THE FOILING OF “THE BLARE.”

(Suggested to a slightly Hibernian brain by the recent ebullition of generosity on the part of the popular press, which insures its readers against holiday accidents whilst boating and bathing.)

When I bolt from this city of vapour

To bite the salubrious breeze,

Do you know why I gambol and caper

And plunge with a shout in the seas

Twice the lad that I was

For a lark?
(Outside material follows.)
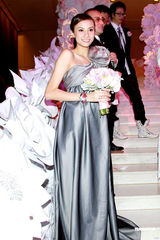 组图：谷祖琳与同学结婚 吴君如曾志伟等众星出席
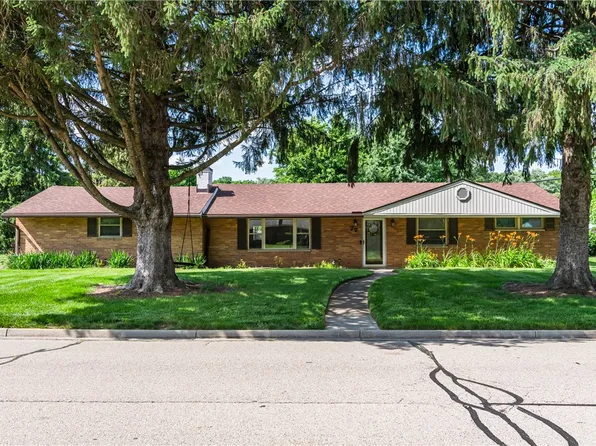 77 Lammers Ave, Dayton, OH 45459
It’s because

I subscribe to that bountiful paper,

The Blare, if you please.

For I know that if currents are shifty,

If cramp should arrive unaware,

I shall die, but my end will be thrifty,

And my host (being also my heir)

Will be amply consoled

By the thought of the gold

(Which amounts to two hundred and fifty)

He’ll get from The Blare.

“Pray take from your forehead those creases,”

I cry to my friend on the yacht,

“I admit that the mainsail’s in pieces

And most of the sheets in a knot;

But remember that if

We go ponk on that cliff

It’s The Blare will be paying your nieces

A nice little pot.”

But whatever may crash into cruisers

Or wherries when I am afloat,

When the waves have destroyed me like bruisers,

I call on my country to note,

If The Blare should pretend,

When I’ve passed to my end,

I was one of its constant perusers,

It lies in its throat.

To my tenantless rooms in the City

The rags have been sent, and it’s there

That I’ll burn them unopened and gritty

Or, if (and it’s little I care)

I am whelmed in the wave,

I shall laugh from my grave

At the blow that I’ve dealt the banditti

Who publish The Blare.

Evoe.


“With one accord they all say, ‘Welcome to Ireland!’ ‘No more delightful place,’ says Mr. Birrell; ‘A kindly welcome everywhere,’ says Mr. Devlin; ‘The most peaceful place in the world,’ says Mr. Redmond.”—Daily Graphic.

Mr. Redmond has overlooked the Balkans.